I find it odd that you blame lesbian and gay people for how difficult you find it to love, honor, and cherish each other. You claim that our marriages threaten the sanctity of your marriages. Hello? We didn’t invent adultery. Or wife beating. How you can fault same-sex marriage for your own failings is beyond me. Especially when as many as 70 percent of female murder victims were killed by their male partners. Where’s the sanctity in that?

I truly don’t see how my equal access to the same privileges you enjoy (and often squander) threatens you. I’m not the one organizing my congregation against you or rallying voters to declare your relationships unconstitutional or lobbying my legislators to deny your rights. I have neither the time nor the inclination for straight-hating.

How you relate to your spouse is your business. And what you do in the privacy of your own marriage—or even what you say about mine—is beyond my control. You call us perverse, but you have no idea how incredibly weird you Defense-of-Marriage people seem to the rest of us. Come on, is there anything odder than fixating on other people’s sexuality? Your non-consensual peeping into my life is downright creepy. I suppose I should be honored that you find my personal life so fascinating, and maybe I would be if you didn’t insist I can and should change.

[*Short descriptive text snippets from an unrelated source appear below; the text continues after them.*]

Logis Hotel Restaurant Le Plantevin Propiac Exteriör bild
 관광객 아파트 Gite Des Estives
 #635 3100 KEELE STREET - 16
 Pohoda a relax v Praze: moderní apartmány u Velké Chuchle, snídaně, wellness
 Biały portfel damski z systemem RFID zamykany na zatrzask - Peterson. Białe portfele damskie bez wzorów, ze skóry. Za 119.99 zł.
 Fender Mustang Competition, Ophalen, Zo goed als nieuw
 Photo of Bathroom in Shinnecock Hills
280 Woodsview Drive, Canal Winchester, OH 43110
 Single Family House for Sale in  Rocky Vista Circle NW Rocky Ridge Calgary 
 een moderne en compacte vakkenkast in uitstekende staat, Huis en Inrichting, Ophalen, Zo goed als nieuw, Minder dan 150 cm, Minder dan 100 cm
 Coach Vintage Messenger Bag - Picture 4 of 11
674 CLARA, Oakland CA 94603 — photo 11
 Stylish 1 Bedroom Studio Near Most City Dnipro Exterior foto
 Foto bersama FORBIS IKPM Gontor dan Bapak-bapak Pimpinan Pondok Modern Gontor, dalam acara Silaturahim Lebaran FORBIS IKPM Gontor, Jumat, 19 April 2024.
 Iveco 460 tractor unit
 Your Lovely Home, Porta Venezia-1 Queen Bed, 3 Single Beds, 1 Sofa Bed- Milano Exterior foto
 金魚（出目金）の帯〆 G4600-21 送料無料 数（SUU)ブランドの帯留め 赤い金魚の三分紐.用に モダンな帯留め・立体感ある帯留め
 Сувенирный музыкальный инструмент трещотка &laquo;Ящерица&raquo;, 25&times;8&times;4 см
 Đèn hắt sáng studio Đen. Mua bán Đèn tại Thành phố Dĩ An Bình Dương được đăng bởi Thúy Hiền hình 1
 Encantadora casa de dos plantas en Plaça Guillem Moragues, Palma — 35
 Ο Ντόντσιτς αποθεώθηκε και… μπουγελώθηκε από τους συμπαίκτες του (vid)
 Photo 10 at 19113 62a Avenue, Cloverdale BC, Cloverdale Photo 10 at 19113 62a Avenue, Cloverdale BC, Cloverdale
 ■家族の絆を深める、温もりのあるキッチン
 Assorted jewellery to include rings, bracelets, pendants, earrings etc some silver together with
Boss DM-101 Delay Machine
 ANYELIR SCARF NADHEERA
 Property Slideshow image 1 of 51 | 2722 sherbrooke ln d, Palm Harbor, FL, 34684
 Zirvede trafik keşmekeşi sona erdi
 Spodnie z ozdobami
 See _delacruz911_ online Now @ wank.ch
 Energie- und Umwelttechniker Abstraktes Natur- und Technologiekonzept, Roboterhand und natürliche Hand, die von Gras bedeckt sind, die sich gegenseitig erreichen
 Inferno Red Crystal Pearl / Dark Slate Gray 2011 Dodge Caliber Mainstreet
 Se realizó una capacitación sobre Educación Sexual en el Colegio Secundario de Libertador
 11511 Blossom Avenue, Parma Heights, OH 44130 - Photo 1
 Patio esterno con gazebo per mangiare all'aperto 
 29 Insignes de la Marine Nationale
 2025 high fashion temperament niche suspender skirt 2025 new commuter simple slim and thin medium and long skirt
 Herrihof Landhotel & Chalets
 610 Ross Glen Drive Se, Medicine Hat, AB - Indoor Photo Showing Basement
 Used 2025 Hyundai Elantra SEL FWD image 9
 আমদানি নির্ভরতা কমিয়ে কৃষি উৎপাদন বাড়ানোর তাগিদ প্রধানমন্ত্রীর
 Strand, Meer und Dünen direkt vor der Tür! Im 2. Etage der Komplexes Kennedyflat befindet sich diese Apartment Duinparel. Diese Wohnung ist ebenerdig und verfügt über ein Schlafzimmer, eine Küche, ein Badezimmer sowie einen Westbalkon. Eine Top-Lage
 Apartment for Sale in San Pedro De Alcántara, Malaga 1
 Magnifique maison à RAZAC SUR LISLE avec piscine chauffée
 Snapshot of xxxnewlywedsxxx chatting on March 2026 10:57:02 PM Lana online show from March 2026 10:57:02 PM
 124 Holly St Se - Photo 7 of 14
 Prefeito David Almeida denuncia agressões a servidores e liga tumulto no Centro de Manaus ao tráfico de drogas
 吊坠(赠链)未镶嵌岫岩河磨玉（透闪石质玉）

Anyone who’s married surely should know your marriage is doomed if you think you can change the other person. Get a clue. You can’t eradicate or outlaw or convert everyone who isn’t made in your image. So we’re different—big deal.

You’ve spent millions persuading folks that our differences somehow threaten their marriages. Kinda crazy, but your freedom of speech, like mine, is protected. Just think, though, of all the good you could do if the time and effort and money you pour into your antigay rampage went toward something useful—like reducing poverty or saving the rain forest or making peace between nations. You know, helping.

Instead of demonizing me for being created as I am, why not pitch in? You have so much drive, why not use it to do something people really need? Help ensure education, food, housing, and health care for everyone. We could work together, pool our energies to increase dignity, respect, and joy in the world, for all creation.

I would at least like to continue the life, liberty, and pursuit of happiness that our Constitution recognizes are my inalienable rights. I understand that prejudice runs deep and that blaming scapegoats is human nature. There’s room in my heart to forgive you for your limitations. Unlearning hateful thinking isn’t easy. You’re entitled to take as long as you want to come to grips with reality.

Meanwhile, this would be a good time to kindly step aside and mind your own business.